YOUR GOAL:
Please return every entry below exactly as written, without any of its pictures.

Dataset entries
++++++++

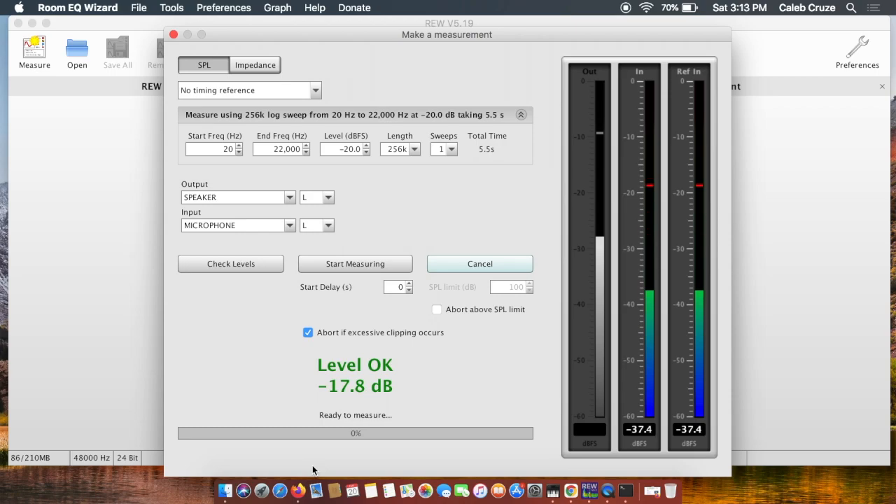We're going to be measuring seven speakers: front left, right, center, surround left, surround right, back surround left, and back surround right. The four Dolby Atmos speakers on the ceiling are not going to be measured at this time — there is no way to measure them with this current configuration of REW. If I find a workaround I'll certainly make a video for that, but for now we're just measuring all seven speakers on the bed layer.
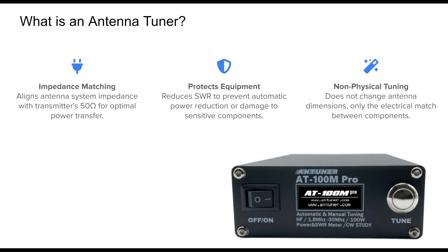This matching process is essential because modern transmitters are designed to work with a 50-ohm load. If the impedance is off, the transmitter may reduce power or shut down to protect itself from damage caused by reflected power. By improving the match, the tuner reduces SWR and allows more of your signal to reach the antenna, maximizing your station's effectiveness without physically altering the antenna itself.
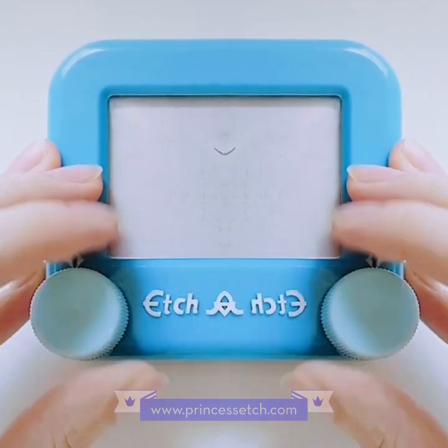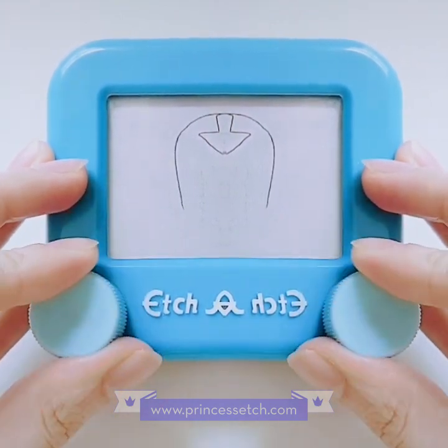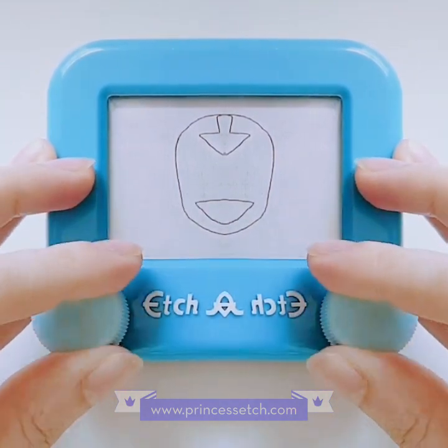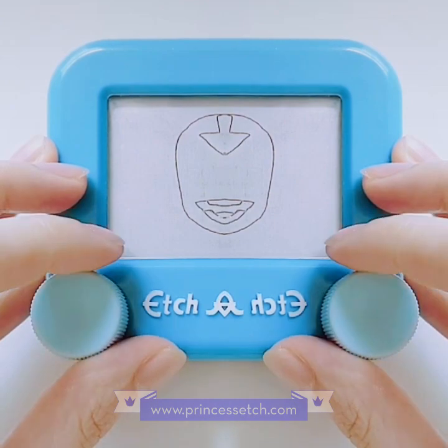One neat, unforeseen benefit of using the mirror filter when doing etch-a-sketch drawings is that I can actually give the illusion of disconnected lines. So it got me thinking about what kind of reflecting drawings I can create, and I started brainstorming cartoon characters that have very symmetrical faces, which led me to think that maybe I could draw Aang from Avatar: The Last Airbender.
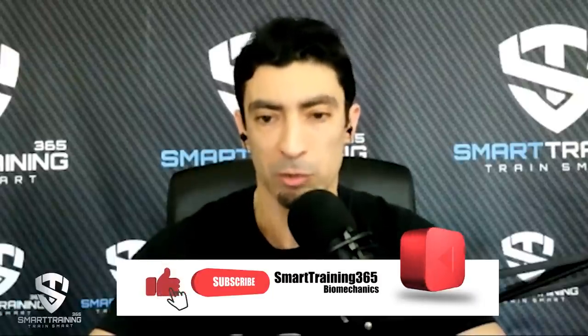Hi everyone, welcome to Smart Training 365. I'm Mo Larby and I'm with my associate Doug Brignoli. So for those who joined us for the first time, what we do here is we talk about resistance exercise. We evaluate the exercises recommended by fitness influencers online or in magazines, and you will really benefit from this because you will know which exercises you should use in the gym to avoid injury risk, wasted time and effort, and get maximum results. We highly recommend that you subscribe to the channel.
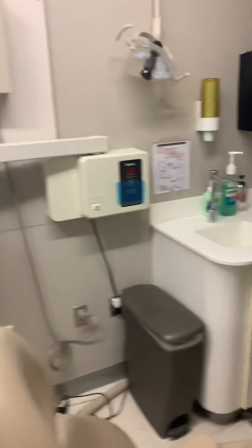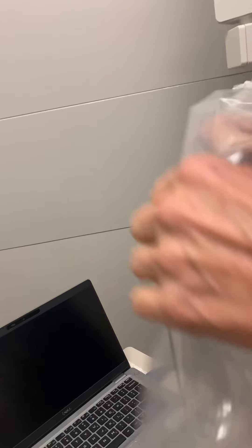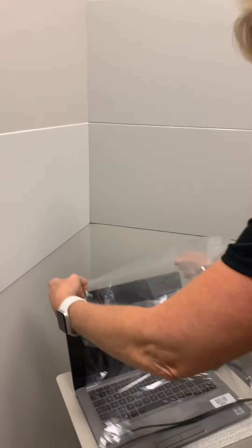Next up is going to be our cover for our laptop. The cover has a little kind of sleeve on it that goes over the back of the computer — you can see where her hand is there. That's going to go over the back of the screen, and the other part covers our keys.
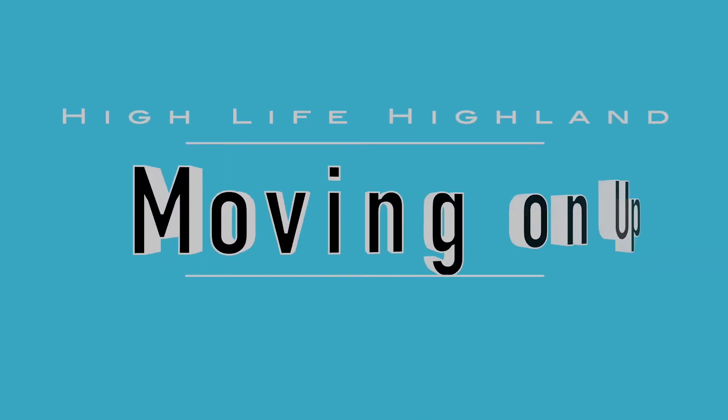Hi everybody, it's Carla from ActiveSchools with Highlife Highland. Thank you for joining me for another challenge. Today we're going to continue working on our underarm throw technique. We've done a few challenges now where we are using the skill of throwing, but we're going to develop our skill today with a game called Moving On Up.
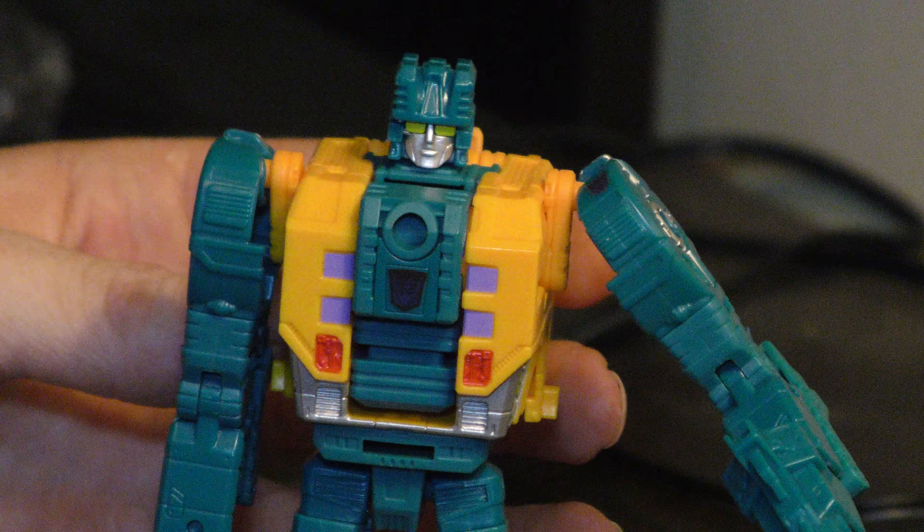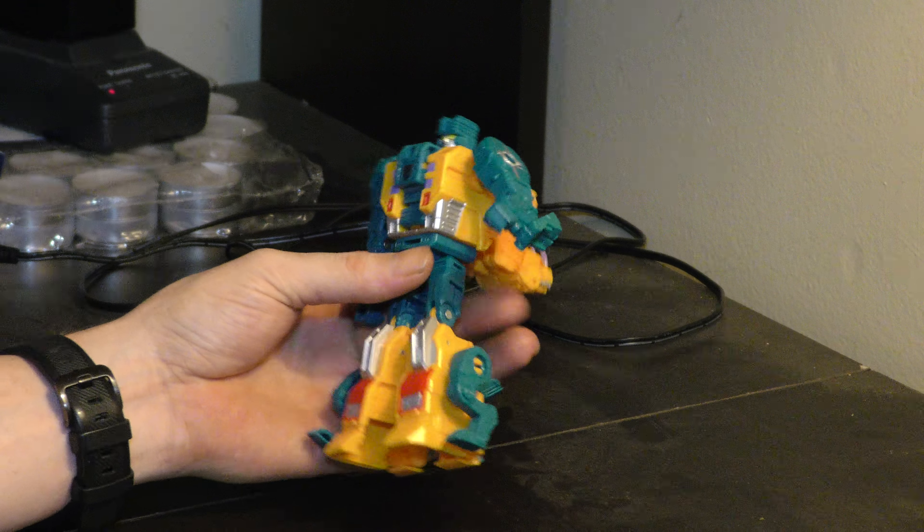Now without too much further ado, let's pull our zoom back and get to work. I think I remember reading somewhere that the Terracon weapons — at least two of them — are supposed to peg together, but I cannot figure out which ones do it for the life of me. They don't seem like they go.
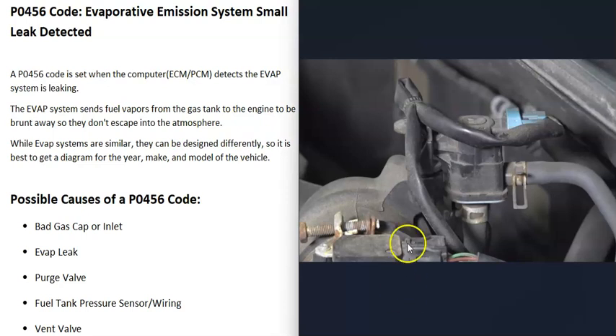The next thing that could cause this is a bad purge valve. The purge valve is located up inside the engine compartment and is basically just a solenoid that opens and closes when the computer tells it to. If it gets stuck open, that can cause a leak. The purge valve is normally closed, so when there's no power going through it you shouldn't be able to blow through it — if you can blow through it, it's stuck open. You can also test it without removing it from the vehicle by checking for vacuum on the line.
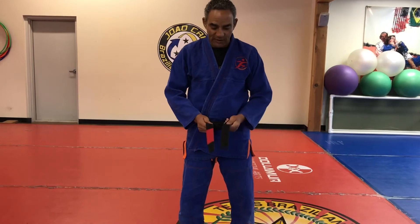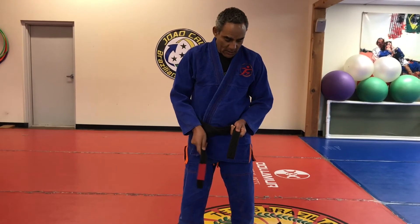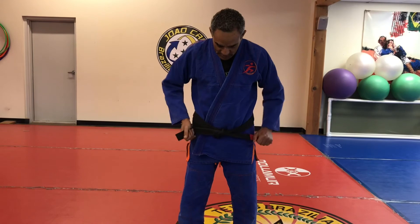Now you tie a little bit, and you still have them even. The right hand under the left, and inside. Now just hold both ends, and that's it — that's the shape of the belt.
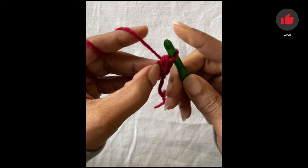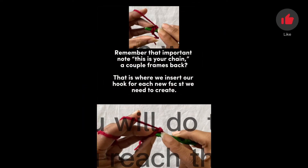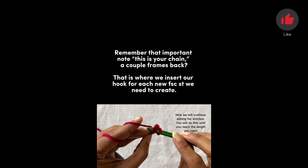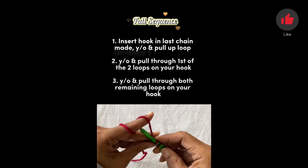Congratulations, you just started your FSC row. Now we will continue adding FSC stitches. You will do this until you reach the length you need. Full sequence.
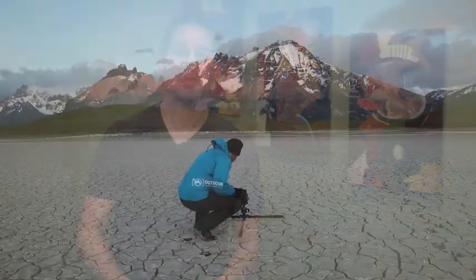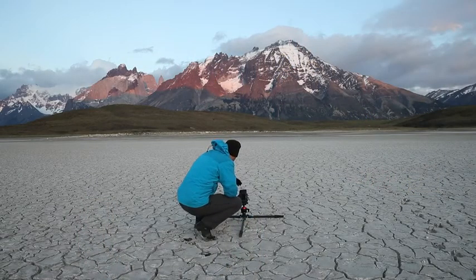So there you have it. Some tripods might need a little modification to allow you to get down to ground level. Other tripods will get you there from the get-go. Either way, it's usually pretty simple to get down to ground level.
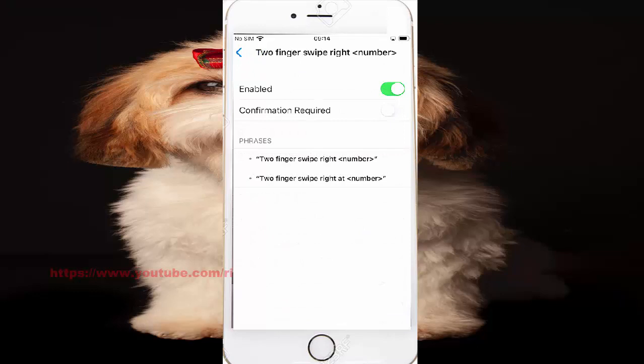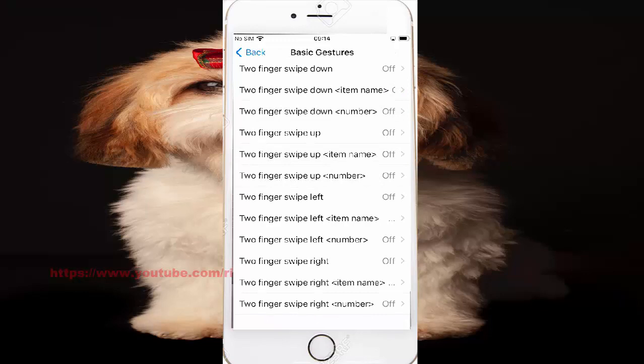To turn on two fingers by the card number, click control, tap enable 600 green to turn on. Tap 600 green to turn on. Okay thank you guys, I think you have a nice day.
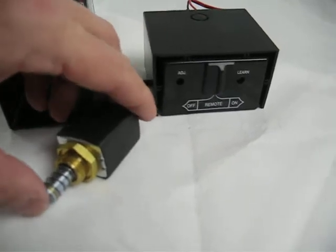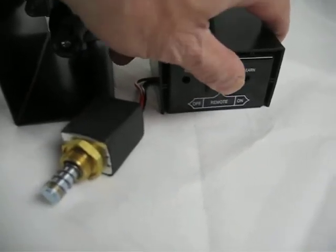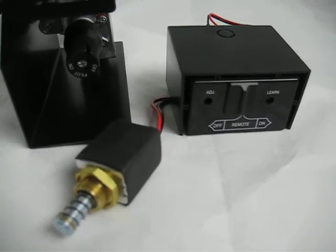Go back to on, push it in, off — extend. Repeat: on, in, off. You'll have to exercise the mechanism a little bit, then replace it.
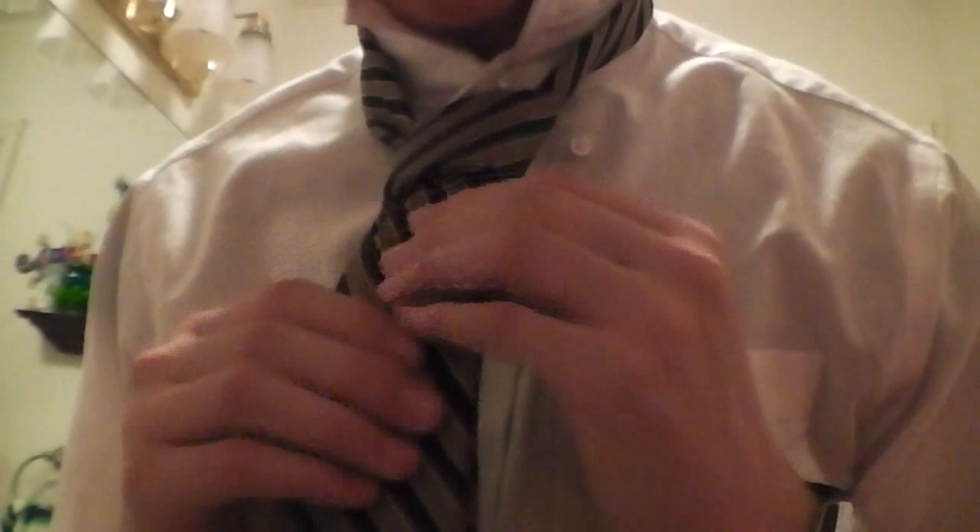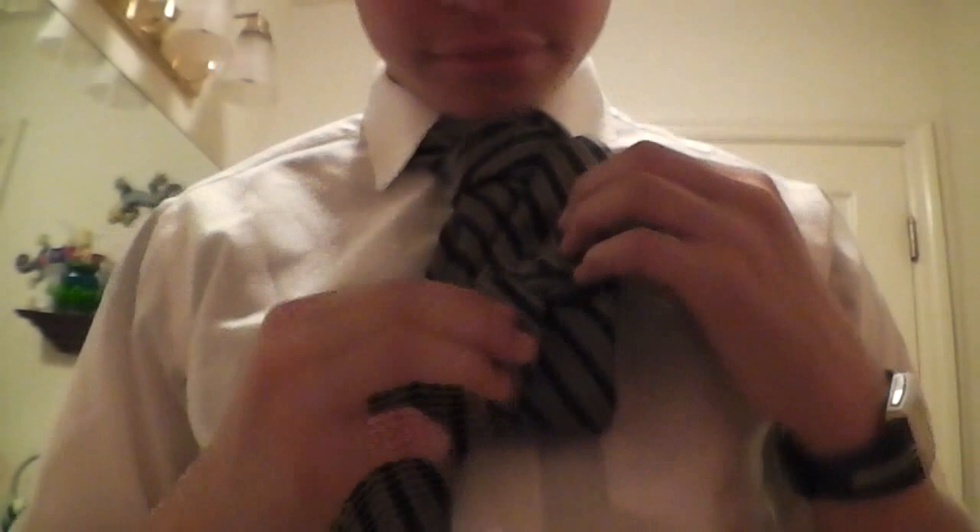Okay, then you put your collar down. People mostly forget there's like a little tiny pocket right here that you can put the little tiny end into right here.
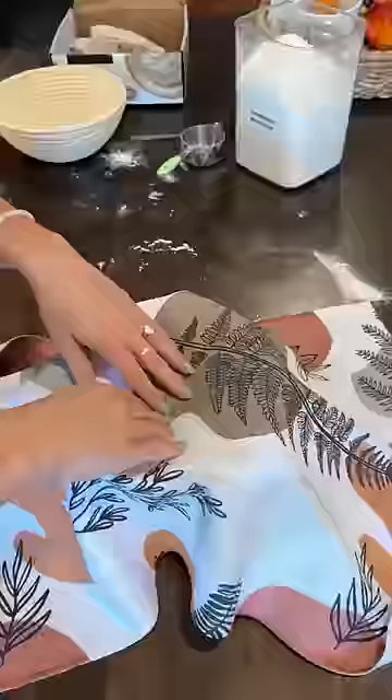So in true Jessica fashion, we're gonna do two different loaves — one where I paint it and one where I don't — and see if they turn out the same or different.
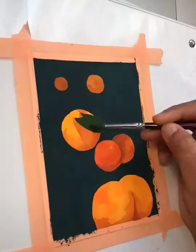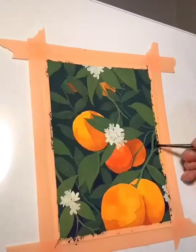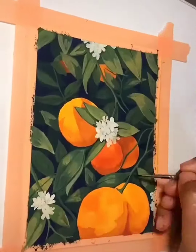For example, I wish I made these leaves a little bit lighter so that I could just add shadows instead of having to add highlights in the end, because the highlights ended up picking up the pigments underneath.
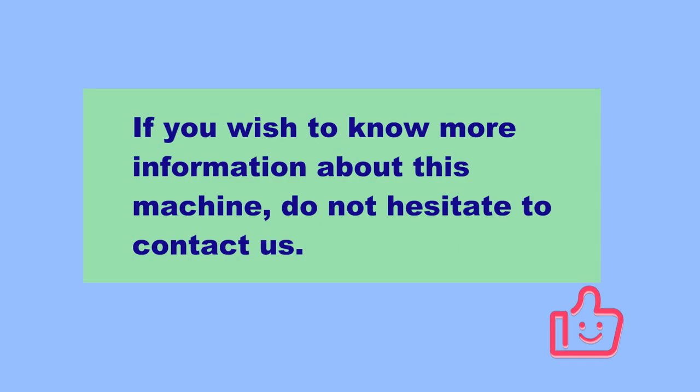If you wish to know more information about this machine, don't hesitate to contact us. Welcome to email us or WhatsApp us. Thank you.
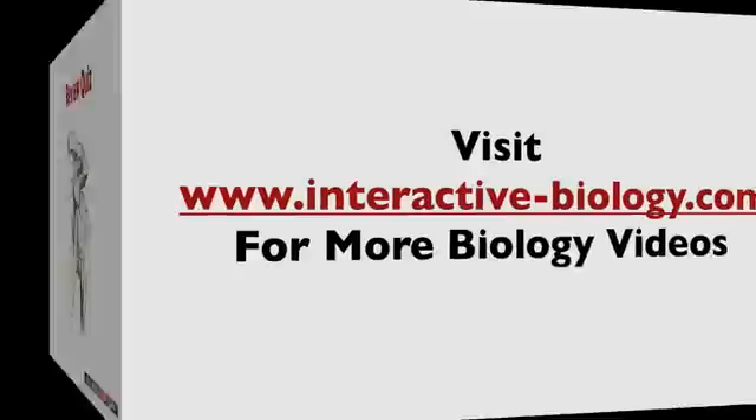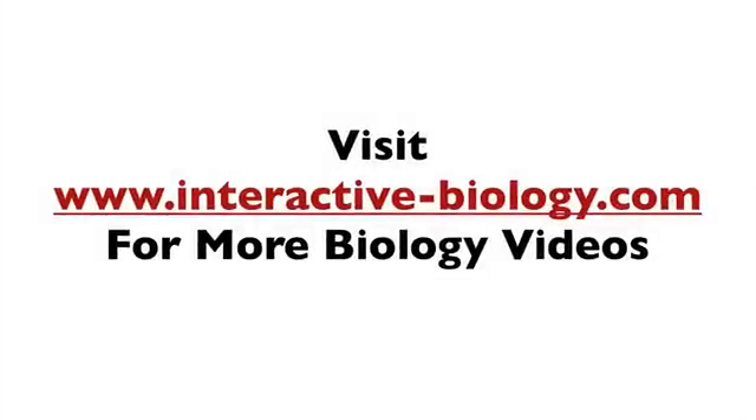So that's pretty much it for this video. If you'd like more videos like this and other resources to help make biology fun, head on over to the website interactive-biology.com. This is Leslie Samuel — that's it for this video, and I'll see you in the next one.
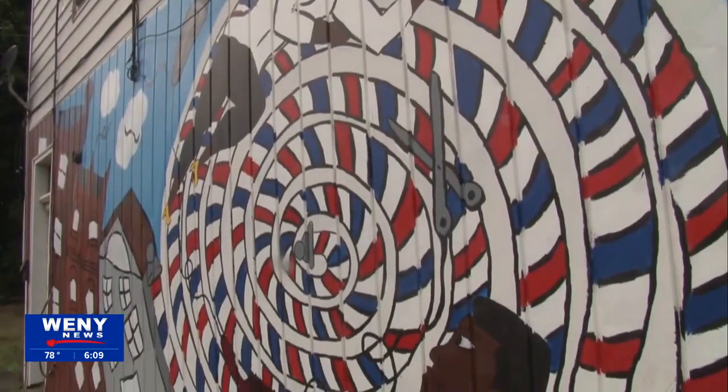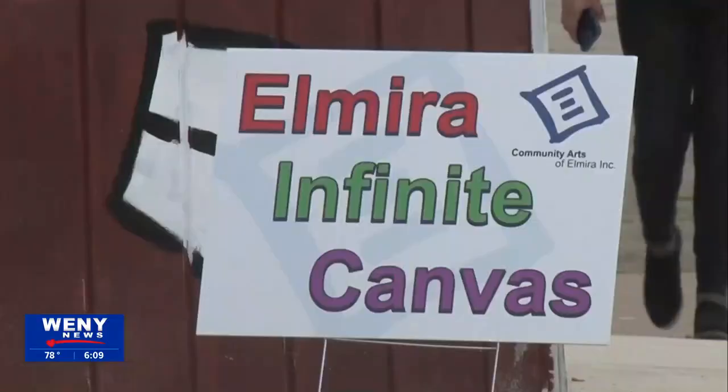This mural is the latest one unveiled as part of the Elmira Infinite Canvas Program. The public art program aims to uplift the community through public art, reducing blight, and expanding community pride.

++++++++

OUTPUT BELOW:
We're going to be measuring seven speakers: front left, right, center, surround left, surround right, back surround left, and back surround right. The four Dolby Atmos speakers on the ceiling are not going to be measured at this time — there is no way to measure them with this current configuration of REW. If I find a workaround I'll certainly make a video for that, but for now we're just measuring all seven speakers on the bed layer.
This matching process is essential because modern transmitters are designed to work with a 50-ohm load. If the impedance is off, the transmitter may reduce power or shut down to protect itself from damage caused by reflected power. By improving the match, the tuner reduces SWR and allows more of your signal to reach the antenna, maximizing your station's effectiveness without physically altering the antenna itself.
One neat, unforeseen benefit of using the mirror filter when doing etch-a-sketch drawings is that I can actually give the illusion of disconnected lines. So it got me thinking about what kind of reflecting drawings I can create, and I started brainstorming cartoon characters that have very symmetrical faces, which led me to think that maybe I could draw Aang from Avatar: The Last Airbender.
Hi everyone, welcome to Smart Training 365. I'm Mo Larby and I'm with my associate Doug Brignoli. So for those who joined us for the first time, what we do here is we talk about resistance exercise. We evaluate the exercises recommended by fitness influencers online or in magazines, and you will really benefit from this because you will know which exercises you should use in the gym to avoid injury risk, wasted time and effort, and get maximum results. We highly recommend that you subscribe to the channel.
Next up is going to be our cover for our laptop. The cover has a little kind of sleeve on it that goes over the back of the computer — you can see where her hand is there. That's going to go over the back of the screen, and the other part covers our keys.
Hi everybody, it's Carla from ActiveSchools with Highlife Highland. Thank you for joining me for another challenge. Today we're going to continue working on our underarm throw technique. We've done a few challenges now where we are using the skill of throwing, but we're going to develop our skill today with a game called Moving On Up.
Now without too much further ado, let's pull our zoom back and get to work. I think I remember reading somewhere that the Terracon weapons — at least two of them — are supposed to peg together, but I cannot figure out which ones do it for the life of me. They don't seem like they go.
The next thing that could cause this is a bad purge valve. The purge valve is located up inside the engine compartment and is basically just a solenoid that opens and closes when the computer tells it to. If it gets stuck open, that can cause a leak. The purge valve is normally closed, so when there's no power going through it you shouldn't be able to blow through it — if you can blow through it, it's stuck open. You can also test it without removing it from the vehicle by checking for vacuum on the line.
Now you tie a little bit, and you still have them even. The right hand under the left, and inside. Now just hold both ends, and that's it — that's the shape of the belt.
Congratulations, you just started your FSC row. Now we will continue adding FSC stitches. You will do this until you reach the length you need. Full sequence.
So there you have it. Some tripods might need a little modification to allow you to get down to ground level. Other tripods will get you there from the get-go. Either way, it's usually pretty simple to get down to ground level.
To turn on two fingers by the card number, click control, tap enable 600 green to turn on. Tap 600 green to turn on. Okay thank you guys, I think you have a nice day.
Go back to on, push it in, off — extend. Repeat: on, in, off. You'll have to exercise the mechanism a little bit, then replace it.
Okay, then you put your collar down. People mostly forget there's like a little tiny pocket right here that you can put the little tiny end into right here.
So in true Jessica fashion, we're gonna do two different loaves — one where I paint it and one where I don't — and see if they turn out the same or different.
For example, I wish I made these leaves a little bit lighter so that I could just add shadows instead of having to add highlights in the end, because the highlights ended up picking up the pigments underneath.
If you wish to know more information about this machine, don't hesitate to contact us. Welcome to email us or WhatsApp us. Thank you.
So that's pretty much it for this video. If you'd like more videos like this and other resources to help make biology fun, head on over to the website interactive-biology.com. This is Leslie Samuel — that's it for this video, and I'll see you in the next one.
This mural is the latest one unveiled as part of the Elmira Infinite Canvas Program. The public art program aims to uplift the community through public art, reducing blight, and expanding community pride.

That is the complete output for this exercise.